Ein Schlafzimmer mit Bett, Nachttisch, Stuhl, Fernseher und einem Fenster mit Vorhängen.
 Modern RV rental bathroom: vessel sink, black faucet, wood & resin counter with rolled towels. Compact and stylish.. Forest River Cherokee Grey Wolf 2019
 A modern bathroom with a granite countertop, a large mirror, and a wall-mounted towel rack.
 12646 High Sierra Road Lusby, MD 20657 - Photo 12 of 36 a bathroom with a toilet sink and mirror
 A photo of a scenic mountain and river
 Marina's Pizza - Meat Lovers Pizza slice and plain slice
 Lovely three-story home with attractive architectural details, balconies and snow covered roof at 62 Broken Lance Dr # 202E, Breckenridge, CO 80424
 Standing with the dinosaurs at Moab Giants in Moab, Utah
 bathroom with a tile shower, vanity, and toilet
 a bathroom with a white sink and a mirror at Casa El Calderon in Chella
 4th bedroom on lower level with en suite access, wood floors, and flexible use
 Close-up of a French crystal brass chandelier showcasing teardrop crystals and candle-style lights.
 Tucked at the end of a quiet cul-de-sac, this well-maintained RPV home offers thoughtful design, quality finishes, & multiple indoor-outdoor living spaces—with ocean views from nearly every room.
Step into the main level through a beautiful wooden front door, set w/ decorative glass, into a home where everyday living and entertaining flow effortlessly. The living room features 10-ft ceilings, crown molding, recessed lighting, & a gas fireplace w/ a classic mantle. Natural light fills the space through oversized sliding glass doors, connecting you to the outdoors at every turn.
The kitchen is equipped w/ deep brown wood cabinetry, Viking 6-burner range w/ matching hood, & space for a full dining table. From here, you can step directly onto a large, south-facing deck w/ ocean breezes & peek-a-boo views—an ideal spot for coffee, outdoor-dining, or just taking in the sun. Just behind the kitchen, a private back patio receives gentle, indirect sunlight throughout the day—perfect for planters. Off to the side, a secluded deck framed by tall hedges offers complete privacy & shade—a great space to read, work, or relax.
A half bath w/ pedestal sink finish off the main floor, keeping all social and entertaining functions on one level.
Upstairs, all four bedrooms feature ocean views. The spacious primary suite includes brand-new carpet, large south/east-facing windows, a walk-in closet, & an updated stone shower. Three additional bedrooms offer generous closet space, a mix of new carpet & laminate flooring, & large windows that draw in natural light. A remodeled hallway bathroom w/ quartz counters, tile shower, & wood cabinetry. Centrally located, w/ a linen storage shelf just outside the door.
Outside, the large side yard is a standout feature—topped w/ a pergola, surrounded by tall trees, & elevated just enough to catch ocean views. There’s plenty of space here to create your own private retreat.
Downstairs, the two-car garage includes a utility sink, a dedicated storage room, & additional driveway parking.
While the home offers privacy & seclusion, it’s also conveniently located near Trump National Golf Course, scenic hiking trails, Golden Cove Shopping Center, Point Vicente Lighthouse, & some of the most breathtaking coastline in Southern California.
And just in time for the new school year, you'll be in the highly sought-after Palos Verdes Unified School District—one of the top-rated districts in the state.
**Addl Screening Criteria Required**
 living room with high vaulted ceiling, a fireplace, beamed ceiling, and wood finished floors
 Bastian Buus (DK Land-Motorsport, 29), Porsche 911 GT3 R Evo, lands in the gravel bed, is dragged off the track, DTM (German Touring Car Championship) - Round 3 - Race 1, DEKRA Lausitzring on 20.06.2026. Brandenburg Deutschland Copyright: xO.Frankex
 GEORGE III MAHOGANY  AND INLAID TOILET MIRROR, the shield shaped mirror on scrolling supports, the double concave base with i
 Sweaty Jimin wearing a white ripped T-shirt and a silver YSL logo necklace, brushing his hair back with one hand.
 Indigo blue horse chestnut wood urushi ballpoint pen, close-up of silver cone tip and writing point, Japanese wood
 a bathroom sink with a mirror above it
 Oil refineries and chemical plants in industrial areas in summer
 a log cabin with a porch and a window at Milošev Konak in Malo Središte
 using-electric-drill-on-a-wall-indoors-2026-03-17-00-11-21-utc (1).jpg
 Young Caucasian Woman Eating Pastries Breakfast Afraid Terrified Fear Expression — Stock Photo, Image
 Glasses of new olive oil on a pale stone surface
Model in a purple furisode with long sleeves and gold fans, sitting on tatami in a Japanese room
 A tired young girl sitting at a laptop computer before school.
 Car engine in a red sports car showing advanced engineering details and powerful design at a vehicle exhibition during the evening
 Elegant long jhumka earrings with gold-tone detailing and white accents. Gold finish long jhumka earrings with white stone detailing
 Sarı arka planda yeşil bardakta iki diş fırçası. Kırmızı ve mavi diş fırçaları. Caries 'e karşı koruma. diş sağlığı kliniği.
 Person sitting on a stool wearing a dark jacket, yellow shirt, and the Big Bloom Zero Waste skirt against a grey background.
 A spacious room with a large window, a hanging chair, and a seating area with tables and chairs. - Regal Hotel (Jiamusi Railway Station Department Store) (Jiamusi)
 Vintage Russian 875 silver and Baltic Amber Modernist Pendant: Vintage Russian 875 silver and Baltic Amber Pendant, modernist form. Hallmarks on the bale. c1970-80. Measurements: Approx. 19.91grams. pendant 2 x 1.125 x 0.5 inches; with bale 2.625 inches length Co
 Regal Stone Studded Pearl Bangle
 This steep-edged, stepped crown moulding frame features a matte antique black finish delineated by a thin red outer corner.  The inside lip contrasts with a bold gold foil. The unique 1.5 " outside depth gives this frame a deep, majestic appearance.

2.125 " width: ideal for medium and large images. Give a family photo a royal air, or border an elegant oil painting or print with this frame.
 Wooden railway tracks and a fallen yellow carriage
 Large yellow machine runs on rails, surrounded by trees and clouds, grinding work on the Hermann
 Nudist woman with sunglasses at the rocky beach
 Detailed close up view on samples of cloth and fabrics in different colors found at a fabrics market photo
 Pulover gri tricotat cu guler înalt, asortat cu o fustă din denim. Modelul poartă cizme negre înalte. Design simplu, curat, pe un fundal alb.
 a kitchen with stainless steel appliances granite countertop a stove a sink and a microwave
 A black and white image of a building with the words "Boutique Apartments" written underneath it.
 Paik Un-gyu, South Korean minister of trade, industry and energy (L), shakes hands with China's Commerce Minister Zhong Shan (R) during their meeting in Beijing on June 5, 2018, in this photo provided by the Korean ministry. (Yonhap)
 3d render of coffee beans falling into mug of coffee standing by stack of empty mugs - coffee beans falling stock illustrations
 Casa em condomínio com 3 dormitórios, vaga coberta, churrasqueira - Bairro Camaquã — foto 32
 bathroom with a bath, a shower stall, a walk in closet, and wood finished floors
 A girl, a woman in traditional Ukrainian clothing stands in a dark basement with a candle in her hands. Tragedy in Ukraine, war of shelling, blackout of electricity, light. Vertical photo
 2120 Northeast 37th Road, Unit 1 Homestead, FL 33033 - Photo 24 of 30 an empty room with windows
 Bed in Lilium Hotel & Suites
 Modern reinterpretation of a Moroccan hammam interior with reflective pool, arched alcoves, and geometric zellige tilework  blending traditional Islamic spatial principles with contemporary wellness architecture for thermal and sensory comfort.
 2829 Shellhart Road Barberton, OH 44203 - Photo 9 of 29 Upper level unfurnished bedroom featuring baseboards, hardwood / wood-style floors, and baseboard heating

== == ==

> **Description of the task**: Using the string "Japanese" as the search term, count the lines of the data above that hold it and report that number alone.

> **Written answer**: 2